Saturday, October 6, 2012


* Jason Dinesen begins a 3-part series that deals with the question “Would a New Name Help Enrolled Agents?” at DINESEN TAX TIMES.

I had suggested that the designation EA be changed to ETRP (Enrolled Tax Return Preparer) to tie in to the new RTRP category.

Jason concludes –

With the passage of time, I have come to believe that, while the EA designation is not necessarily consumer-friendly (because of the word “agent”), I’m not sure the name is really the problem.

The problem is, no one has heard of us!

And promises to elaborate in Parts 2 and 3.

* Robert W Wood of FORBES.COM tells us the truth when he says “No Debate: You Can't Deduct Political Contributions!”.

I do recall that many, many years ago there was, for a short time, a limited deduction allowed for political contributions.  And I do believe one did not have to itemize to claim it.  Does anyone remember when?

* Speaking of FORBES.COM, TaxGirl Kelly Phillips Erb discovers that “Congress Takes Home Millions of Tax Dollars While on Recess”.

Kelly tells us that “most members of Congress make about $174,000 per year for serving their constituency. Assuming a 50 week work year – what most of us put in – that works out to $3,480 per week.”

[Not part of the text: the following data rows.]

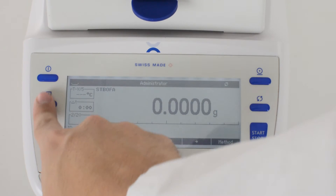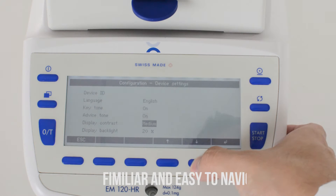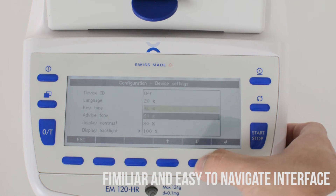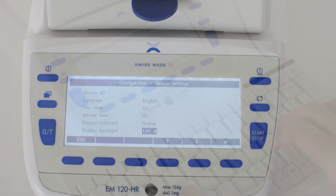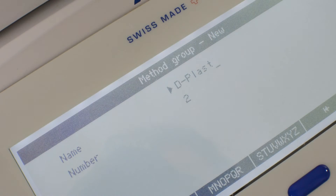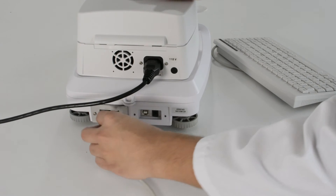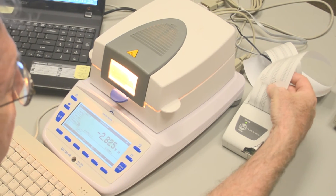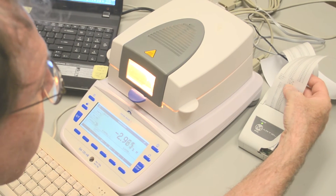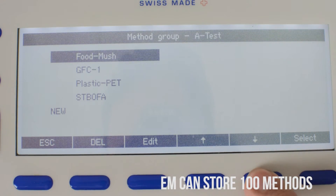The EM120 has a menu-driven graphic user interface. The interface is easy to use with its familiar scrolling navigation and drop-down menus, making method development easy. For even more efficient method entry, a USB keyboard can be plugged in with no special installation needed. The keyboard, printer, and a PC can be plugged in and function simultaneously. The EM is capable of storing up to 100 methods.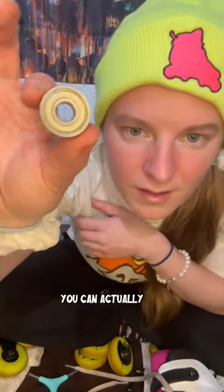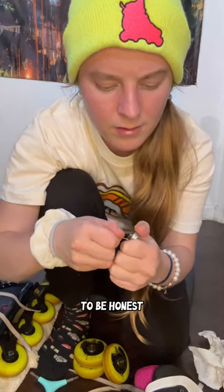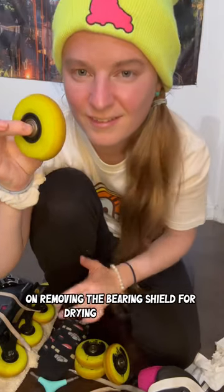Four: remove the shield. You can actually pop the shield off and get completely inside to dry and clean. I never do this, to be honest, but let me know if you need another video on removing the bearing shield for drying and cleaning.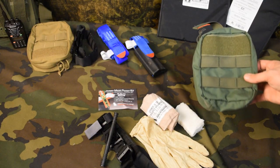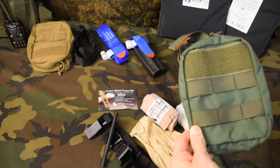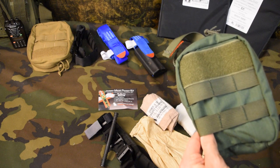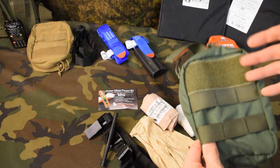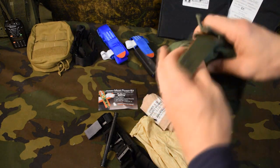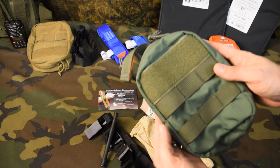Something else you could look at doing — let's say you have this tactical pouch here. It matches everything else you have. You just need the supplies to go in it. You could buy the Skinny Medic Pocket Kit, open it up, put all the supplies in the pouch, and you have a trauma kit ready to go.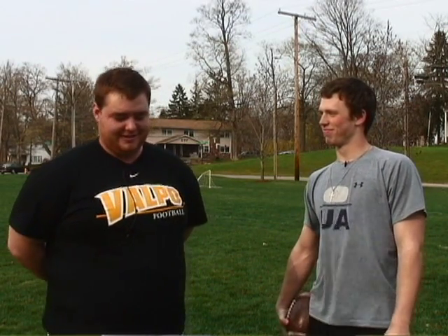I'm here with Greg Wood, punter for the football team, team MVP last year. Greg's going to teach me a little bit how to do a little kicking, a little punting. Greg, what's the most important thing to remember when kicking?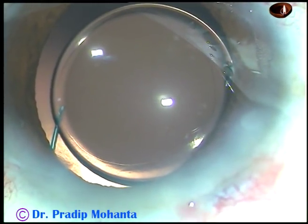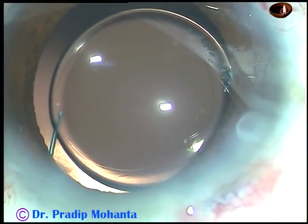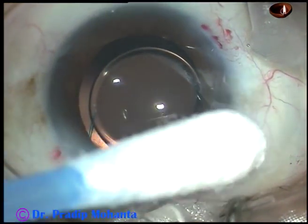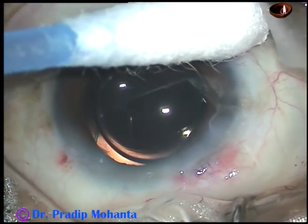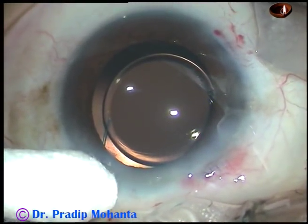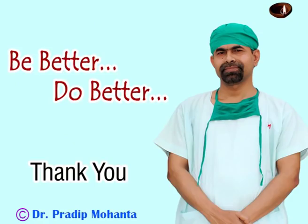The integrity of the wounds is checked — there should not be any leakage from any site. When I am satisfied, the case is concluded. Thank you very much for your attention. Hope this video will help you in developing your surgical skills. Be a great surgeon and serve mankind with love, respect, compassion, and great surgical competence.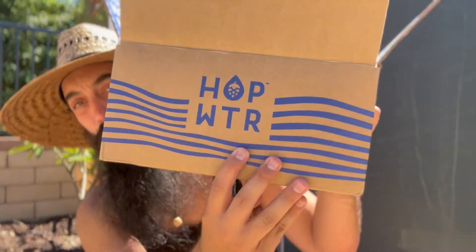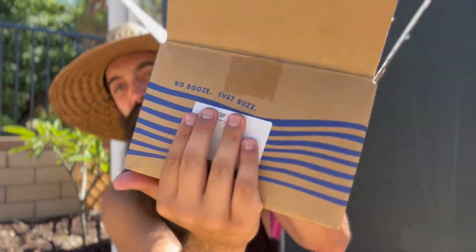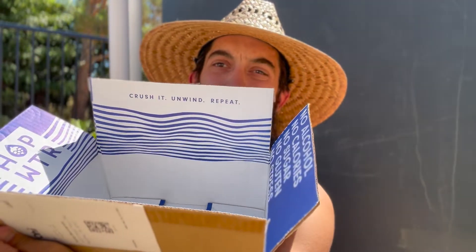Hi, this is a hop water review, tasting and unboxing. Hop water — no booze, just buzz. Crush it, unwind, repeat.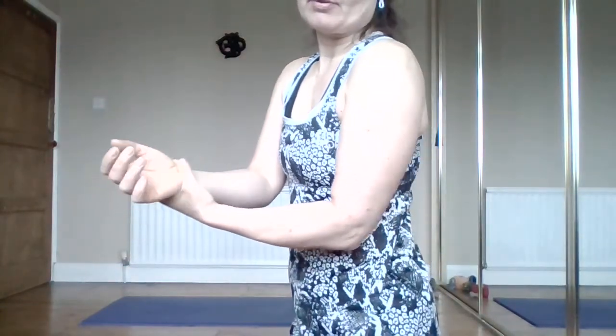Clasp the hands together and start to circle around. Clicking, creaking, and popping is fine as long as it's not painful - that's quite a normal thing. Change direction. Then start to fold forwards and back - we're trying to get a little bit of release in the back of the wrist, just a rocking action. Then wiggle your fingers, and use your thumb and middle finger to slightly compress your wrist - squeeze, creating a ring around that wrist crease - and just wiggle and roll the hand around. Do both sides.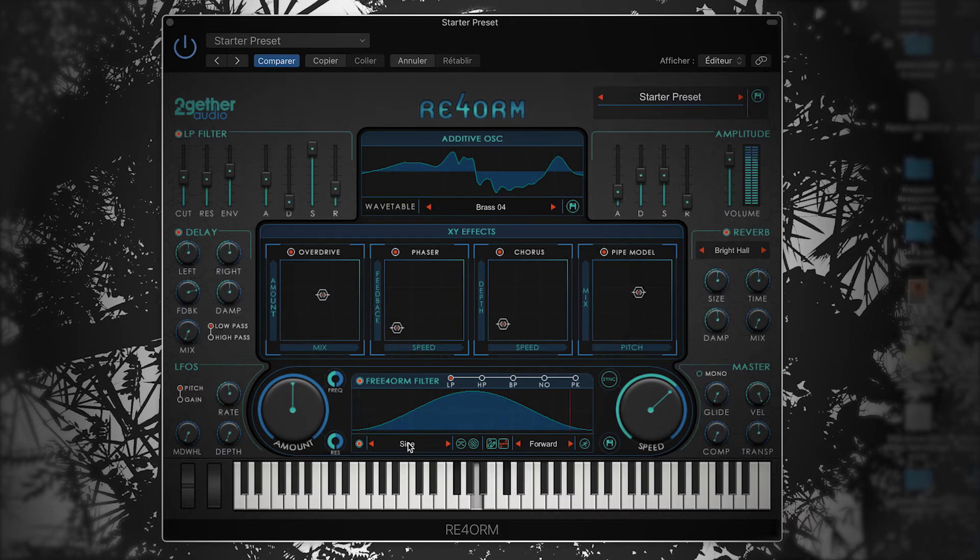This final pipe model effect will give a really particular timbre that makes it sound like you've put your sound through a pipe or a tube. Now comes the real fun — this is where I add rhythm and movement to the sound using ReForm's very own freeform filter. I start by selecting a shape and drawing a bump in the middle for a rhythmic effect. Then I'll decrease the amount, and you can already start hearing it. I'll sync it to the BPM of the project and adjust its timing. I'll brighten the tone by opening up the cutoff of the freeform filter just a little bit.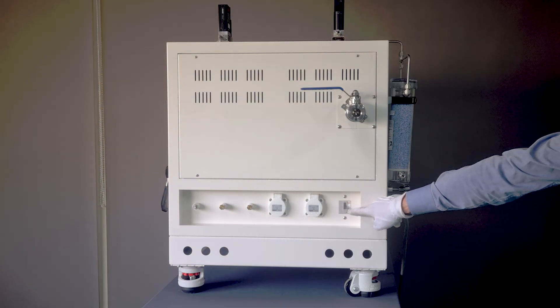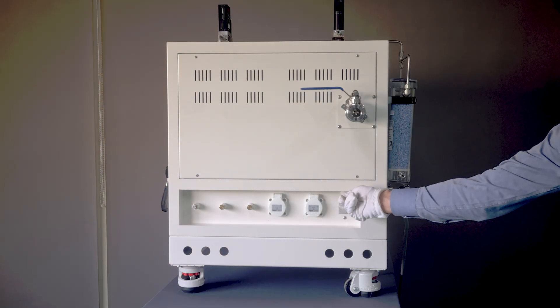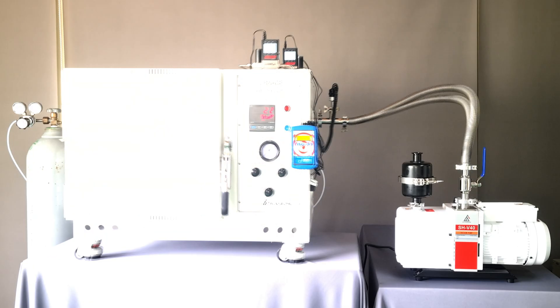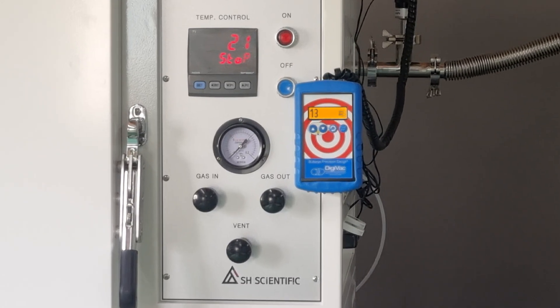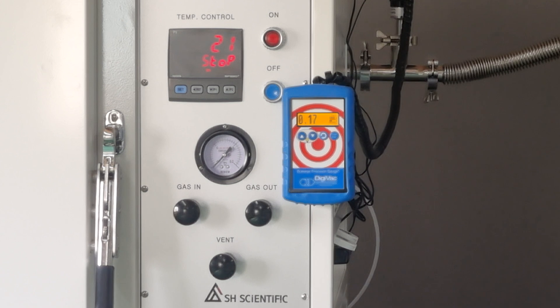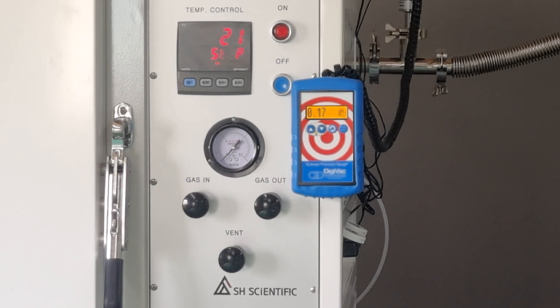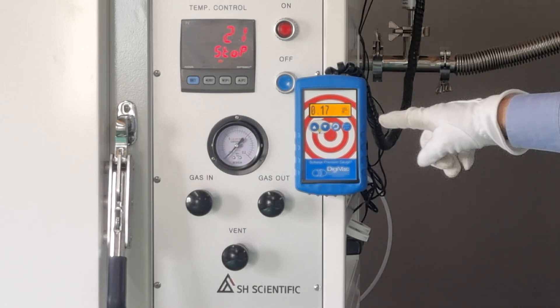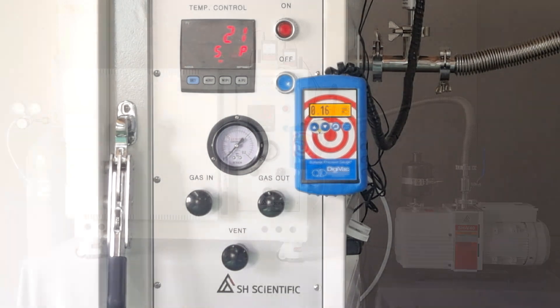Now, turn on the main switch on the side of the furnace. At this point, turn on the vacuum pump and open the valve. Notice how the pressure in the chamber starts to fall. After 5 to 10 minutes, the pressure gauge will stay at the left bottom, or the digital vacuum meter will show 0.1 Torr, meaning the chamber is already a vacuum. You can reach a vacuum as high as 0.05 Torr if you simply let the pump run longer.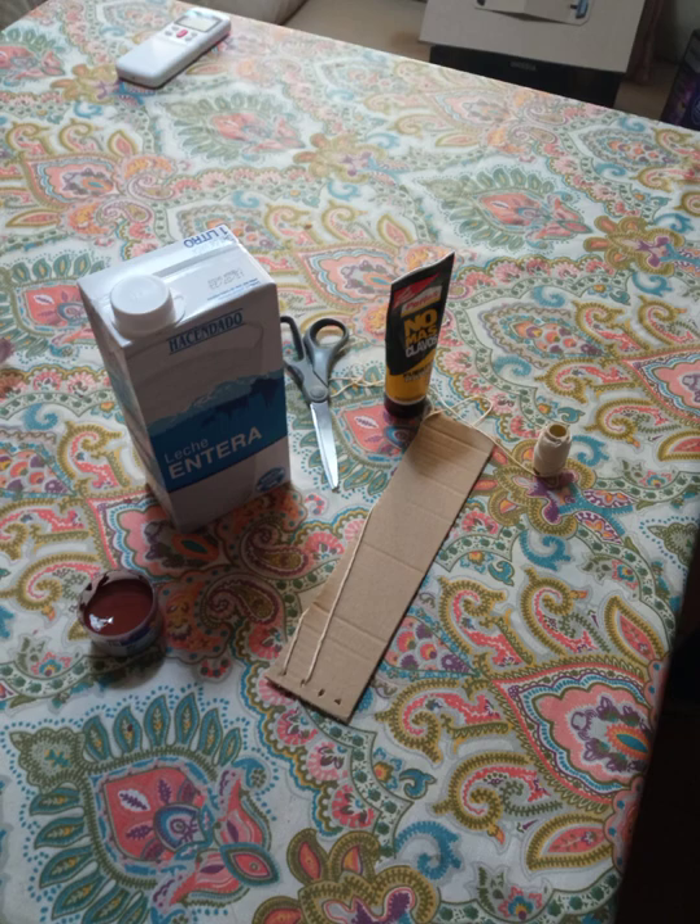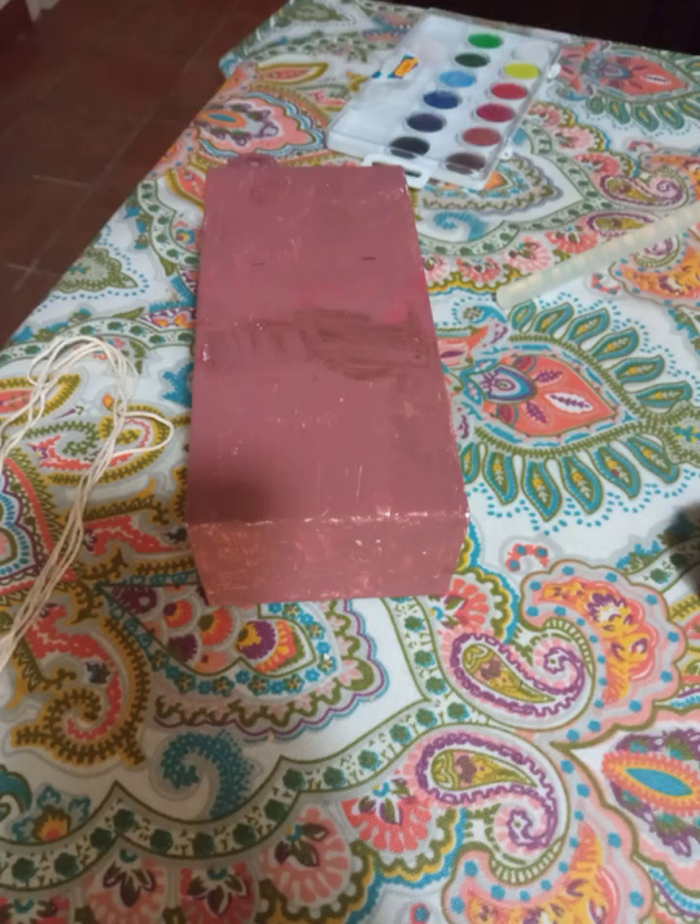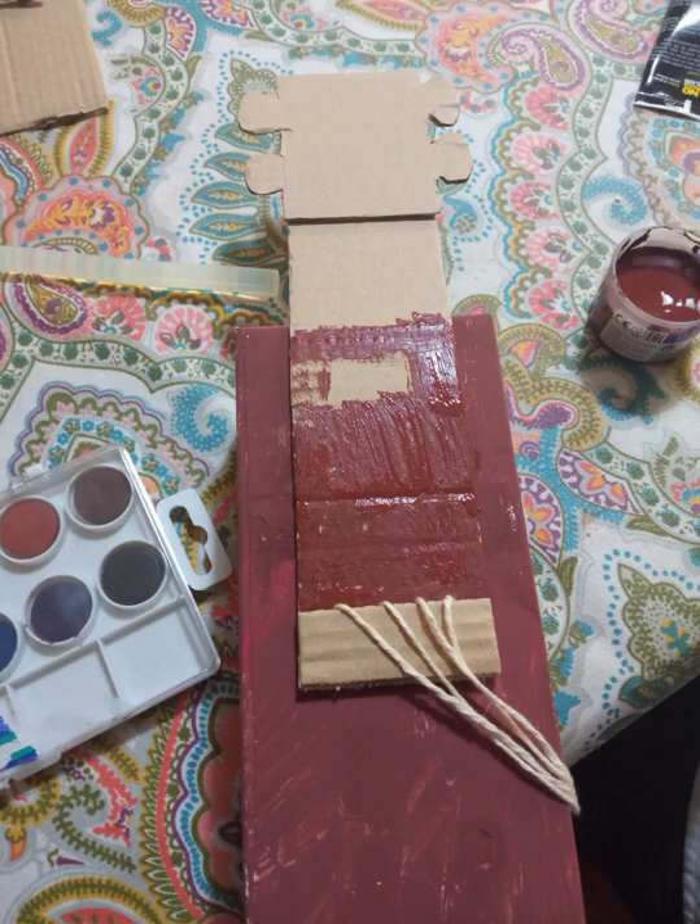The first step is to paint the milk box. The second step is to glue to the milk box a piece of a normal box.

And then she calculates what the idiots in Congress are pocketing for the 7 weeks that they will be “on recess”, campaigning and not working (highlights are mine) –

At $3,480 per week for seven weeks, taxpayers are paying about $24,360 per Congressional official for, um, nothing. Assuming that there are 535 voting members of Congress, that works out to an astonishing $13,032,600 in tax dollars for just one recess. Not including staff and benefits. Yes, eight figures.”

What about the “summer recess” that they just returned from –

The five week summer break? $9,390,000.”

When you think of it, even when they are in Washington allegedly “working” the idiots do not accomplish anything.  What a total waste of taxpayer’s money!

* Kelly also weighed in on the Presidential debate, giving some perspective to the fact that “Romney Promises To Cut Taxpayer Funding For PBS (But Says He Still Loves Big Bird)”.

So will it kill Big Bird? He might need smaller digs but chances are, cuts to PBS won’t kill off Sesame Street and other major programming. What will happen, realistically, is that public television stations would have to find alternate sources of funding. Larger markets, like the one I live in now, would likely survive. But chances are that those smaller markets, like the one I used to live in, would have to shut off the lights.”

When will politicians realize that you do not have to cut funding to worthwhile and effective programs to reduce the budget?   You just have to cut out pork, waste, and entitlements!

* Trish McIntire echoes somewhat what I have been saying for years in “Location, Location, Location” at OUR TAXING TIMES.

As I say in my comment on her post, the deductions for state income taxes, real estate taxes, and mortgage interest, on the primary residence, are a kind of “geographical equalizer”.  

* CCH has produced a Tax Briefing on “2012 Year End Tax Planning”.  Click here to download.  

* Joe Kristan includes a Tax Foundation chart on “The Growth of Refundable Tax Credits, 1990-2010” in his Friday BUZZ-like “Tax Roundup” at the ROTH AND COMPANY TAX UPDATE BLOG.

I wholeheartedly agree with Joe’s comment on the chart -

I bet the chart of tax refund fraud incidence would look about the same.”

* Speaking of the TAX FOUNDATION, author of the chart referenced by Joe, check out its “Weekly Tax Update”.


Let’s face it.  At this point in the campaign Romney is not going to identify the specific tax deductions/expenditures that he would do away with to pay for tax rate decreases because he does not want to alienate any segment of voters.  No candidate would.